TASK STATEMENT – The expected output is each line from the one containing "Gubernur DKI Jakarta" to the last line of the data below, set down exactly, minus the pictures.

DATA FOR PROCESSING –
§ §

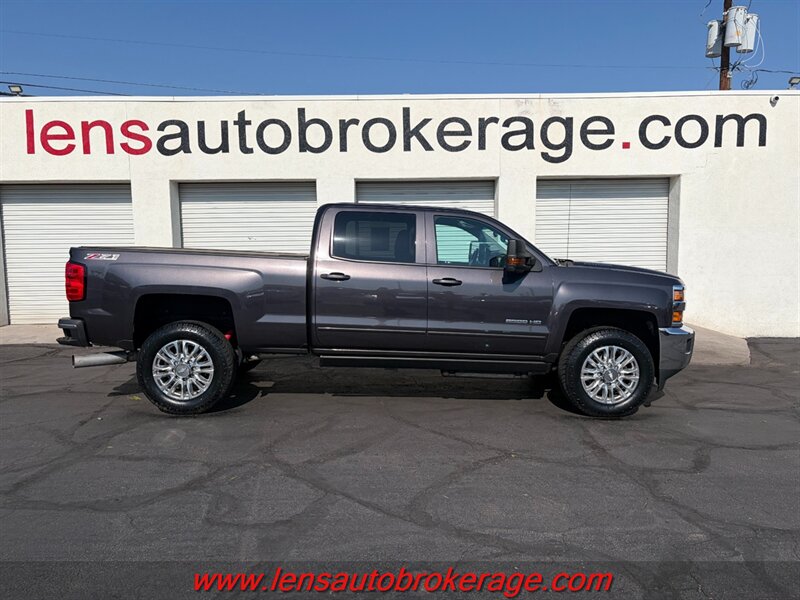 2016 Chevrolet Silverado 2500 LT  *Super Nice Crew Cab 4x4 Duramax Diesel!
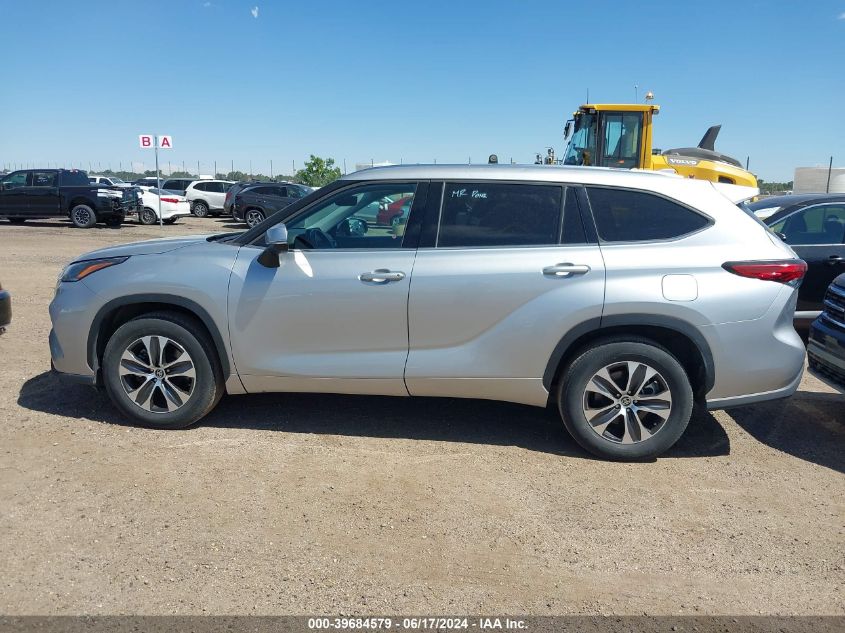 2021 Toyota Highlander Xle VIN: 5TDGZRAH7MS532779 Lot: 39684579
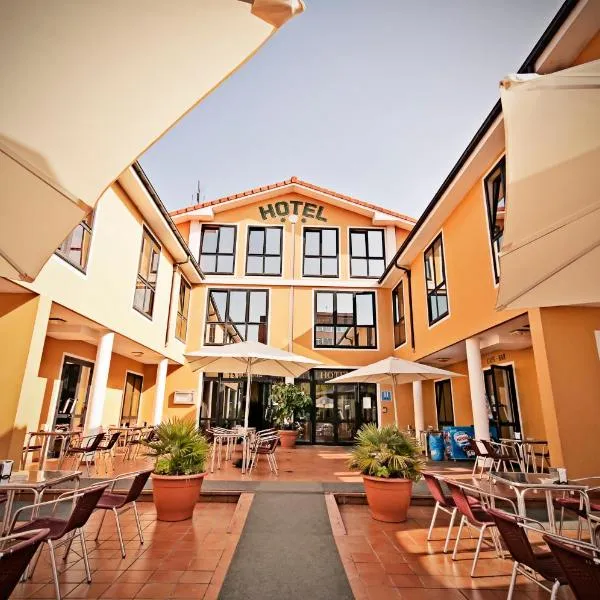 彼德拉斯内格酒店，位于Los Campos的酒店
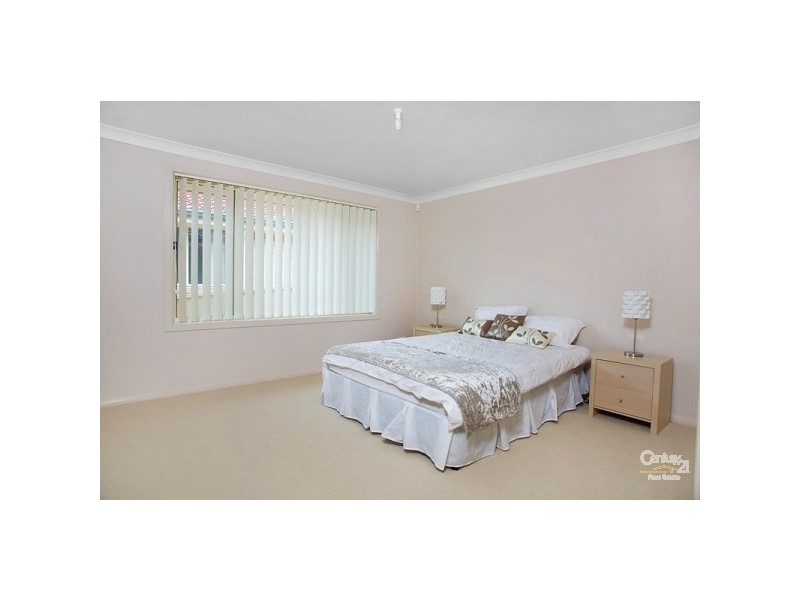 2/5 Pheasant Street, Toronto NSW 2283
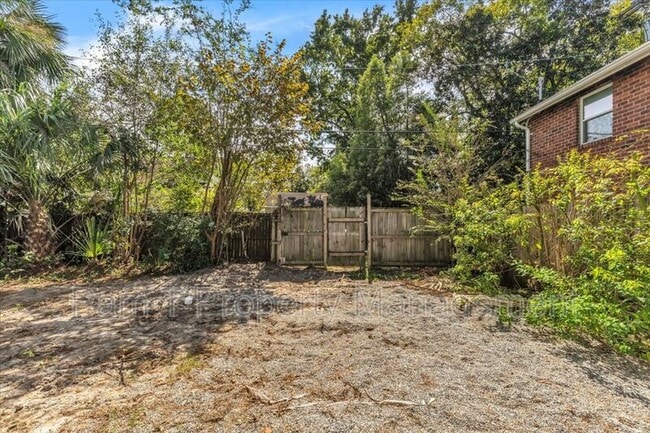 Building Photo - 815-A E 32nd St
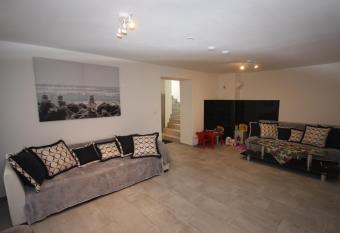 Apartm  ny Am  lia has Balcony rooms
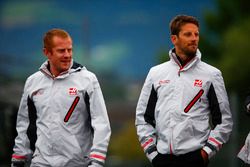 Romain Grosjean, Haas F1 Team, walks the circuit alongside colleagues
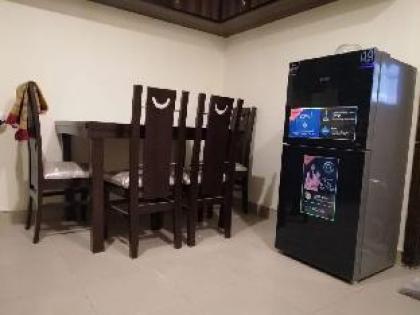 Luxurious Apt in Bahria Town on Main Road. - image 17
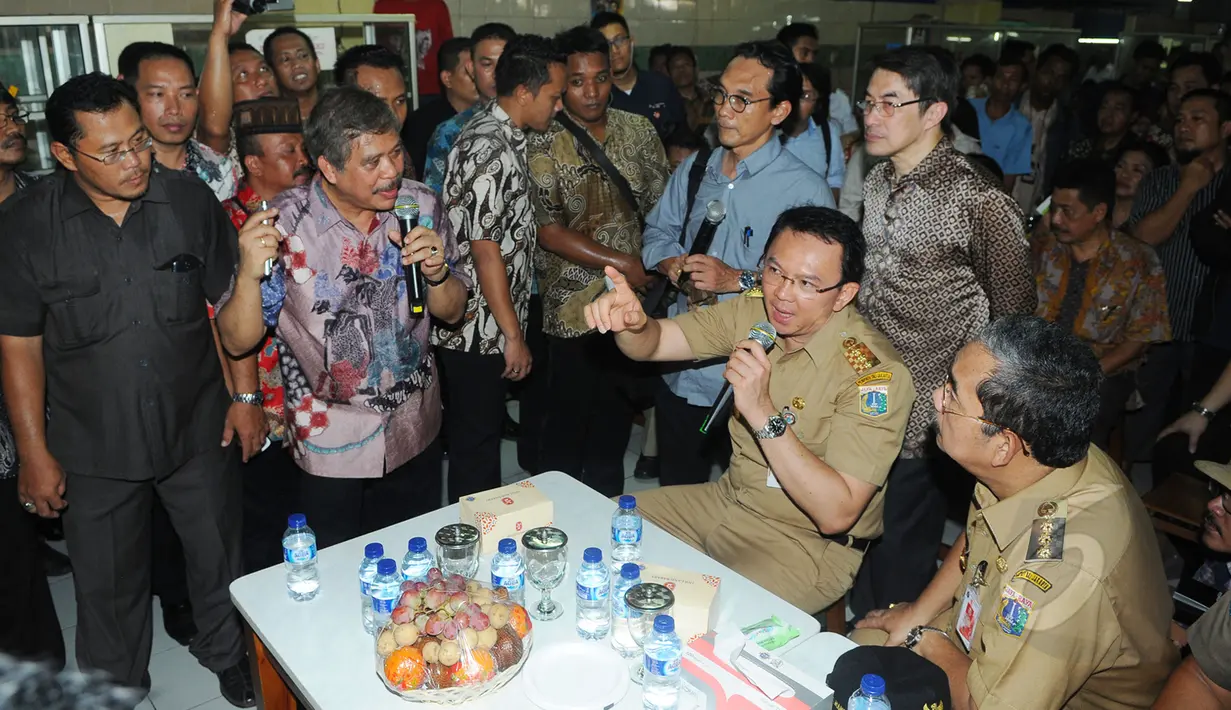 Gubernur DKI Jakarta Basuki T Purnama berbincang dengan pedagang Pasar Blok G, Tanah Abang, Jakarta, Rabu (15/4/2015). Kedatangan Ahok tersebut untuk melihat situasi dan kondisi secara langsung di kawasan Pasar Tanah Abang. (Liputan6.com/Herman Zakharia)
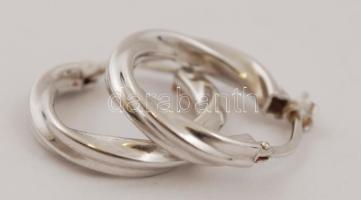 Ezüst  karika-fülbevaló, Ag., nettó: 2,8gr.,  jelzett, d:1,5cm  /Silver hoop earrings, Ag, net. 2,8g...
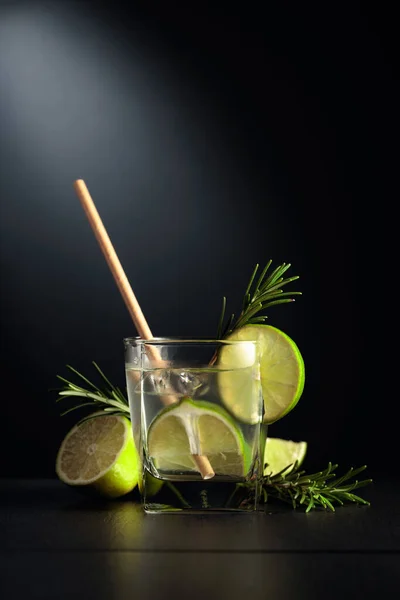 Kallt Uppfriskande Dryck Med Lime Och Rosmarin Fryst Glas Med — Stockfoto
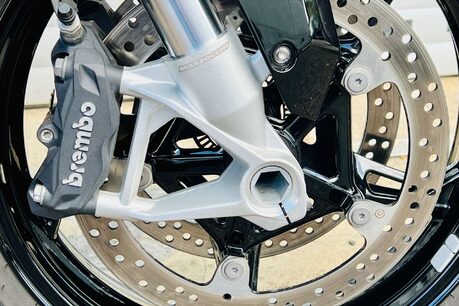 BMW S1000XR S 1000 XR Triple Black 18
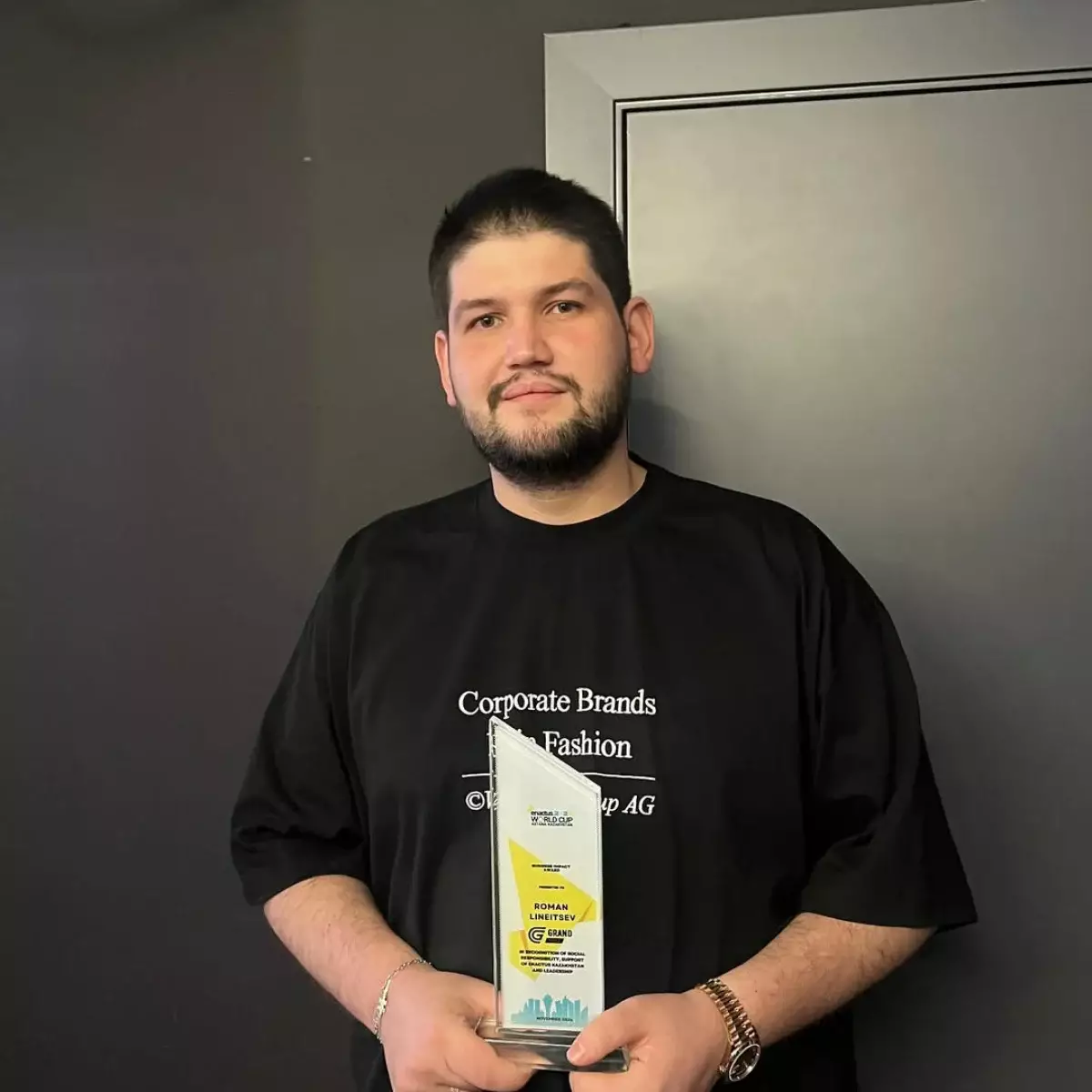 Миллионера из Астаны арестовали за гонку на Porsche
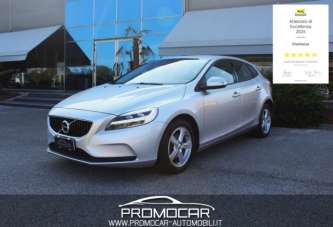 VOLVO V40 Diesel 2017 usata, Pordenone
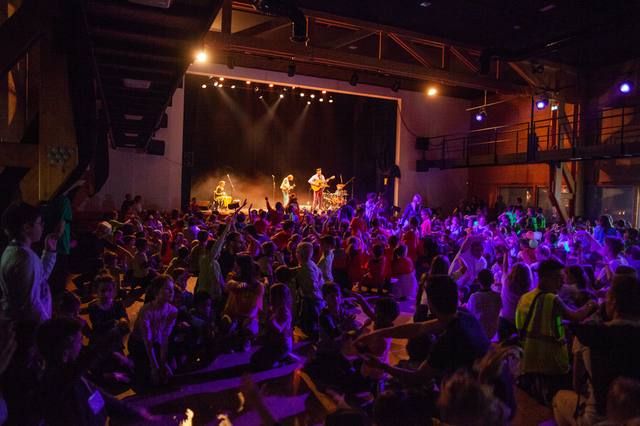 La salle et la scène pendant le bal - photo AMAC / Les Mouillotins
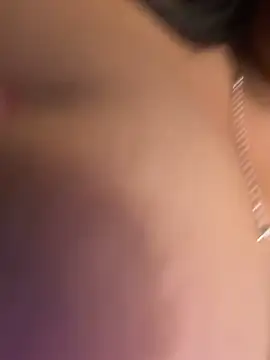 BrunetteBliss69 webcam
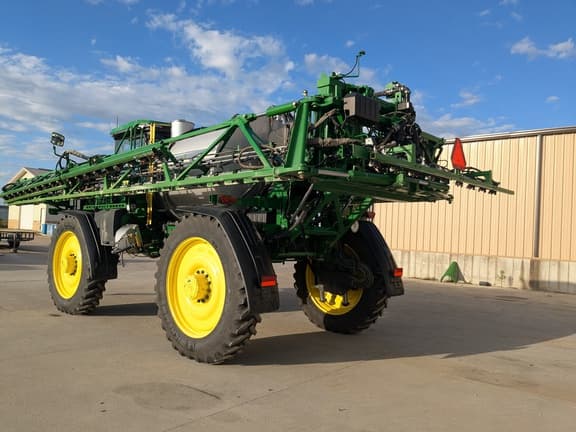 Image of John Deere 616R equipment image 2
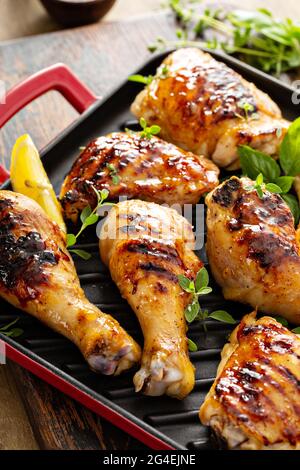Gegrillte Hähnchenschenkel und Drumsticks mit Honigglasur Stockfoto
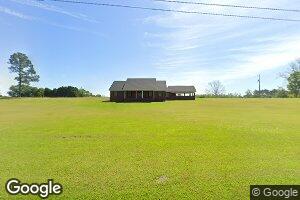 1004 N Peachtree St, Doerun, GA 31744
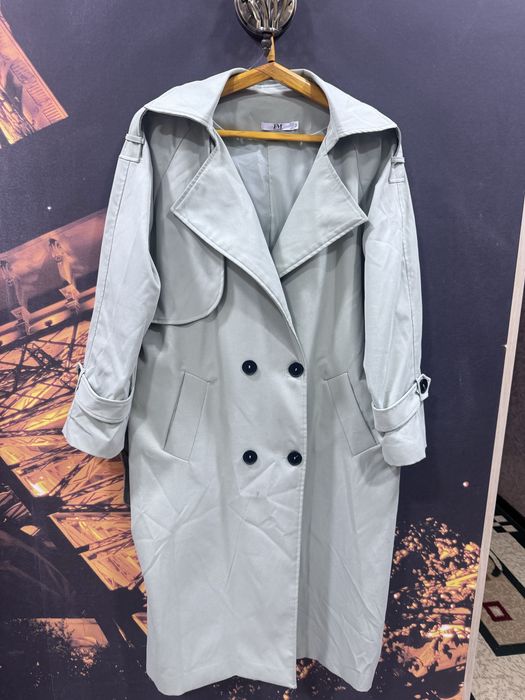 Продается тренч ментол цвет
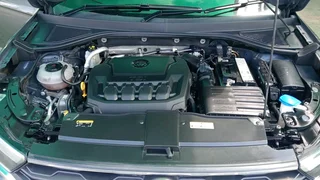 2021 VW T-Roc,DSG,4mot with 97000km full service history with agent,Metallic Grey color,full service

§ §

REPLY TO THE EXERCISE –
 Gubernur DKI Jakarta Basuki T Purnama berbincang dengan pedagang Pasar Blok G, Tanah Abang, Jakarta, Rabu (15/4/2015). Kedatangan Ahok tersebut untuk melihat situasi dan kondisi secara langsung di kawasan Pasar Tanah Abang. (Liputan6.com/Herman Zakharia)
 Ezüst  karika-fülbevaló, Ag., nettó: 2,8gr.,  jelzett, d:1,5cm  /Silver hoop earrings, Ag, net. 2,8g...
 Kallt Uppfriskande Dryck Med Lime Och Rosmarin Fryst Glas Med — Stockfoto
 BMW S1000XR S 1000 XR Triple Black 18
 Миллионера из Астаны арестовали за гонку на Porsche
 VOLVO V40 Diesel 2017 usata, Pordenone
 La salle et la scène pendant le bal - photo AMAC / Les Mouillotins
 BrunetteBliss69 webcam
 Image of John Deere 616R equipment image 2
Gegrillte Hähnchenschenkel und Drumsticks mit Honigglasur Stockfoto
 1004 N Peachtree St, Doerun, GA 31744
 Продается тренч ментол цвет
 2021 VW T-Roc,DSG,4mot with 97000km full service history with agent,Metallic Grey color,full service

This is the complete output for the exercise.